8.10.2014

A review of Beck's Song Reader

























Who's your favorite musician?

Think for a moment.

Now, what if they said, "I'm writing a brand new album, then releasing it, as sheet music." About two years after they do this, they announce, "That sheet music album I put out? I got a bunch of people to record it."
That is the experiment at the heart of Beck's Song Reader, and, I still can't tell what I think of it; not of the music, that was pretty easily quantifiable, but of this project as a whole.
I love Beck as an artist and I love his music...but what happens when one of my favorite artists releases music that I can't enjoy? I was pretty messed up over this. I wondered when he was going to admit that he was just fooling around and release Song Reader as a Beck album. On a disc. With him performing the songs. And he never did. Beck has written music that's been performed by other artists before, Charlotte Gainsbourg's stellar IRM and Pink's"Feel Good Time"*, but this was different: a whole, brand new Beck album...with Beck's involvement ending at the writing phase.

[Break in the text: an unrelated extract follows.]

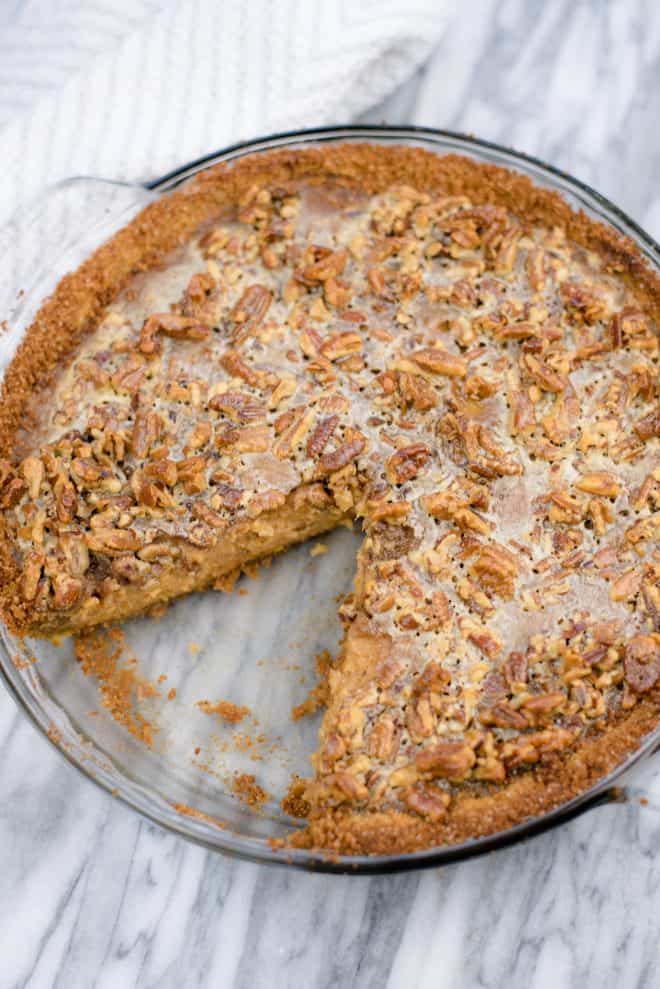 Sweet Potato Pecan Pie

You know what? This is going to get pretty introspective pretty quick, so let's focus on the actual music on the album first, shall we? 

More than half the album is good, with about a quarter of it really shining. Once I got past Moses Sumney's coivy woids** (an affliction that's plagued pop music for a while now), I came to regard the album opener, "Title of This Song", as one of the best offerings here. This track, along with Jack White's rebel waltz-ballad-thumper-piano-jamboree "I'm Down", Swamp Dogg's gloriously soulful and heartrending "America, Here's My Boy" and the twangy, bluegrass stomp of Loudon Wainwright III's "Do We? We Do" make up that platinum quarter. And "Heaven's Ladder", Beck's contribution, of course, but that should go without saying.
Other solid standouts include Norah Jones' spot on Dolly Parton impersonation on "Just Noise", Jarvis Cocker's spot on Gavin Friday impersonation on "Eyes That Say 'I Love You'", David Johansen's spot on John DiMaggio impersonation*** on the humid swamp romp of "Rough On Rats" and the two instrumental pieces, "Mutilation Rag", with its sense of whimsy and madness, and "The Last Polka", which, although great, I wish had been an actual polka. I should also bring up Jack Black's epic and ridiculously theatrical take on "We All Wear Cloaks", which you will love or hate, depending on your feelings towards and tolerance of Tenacious D.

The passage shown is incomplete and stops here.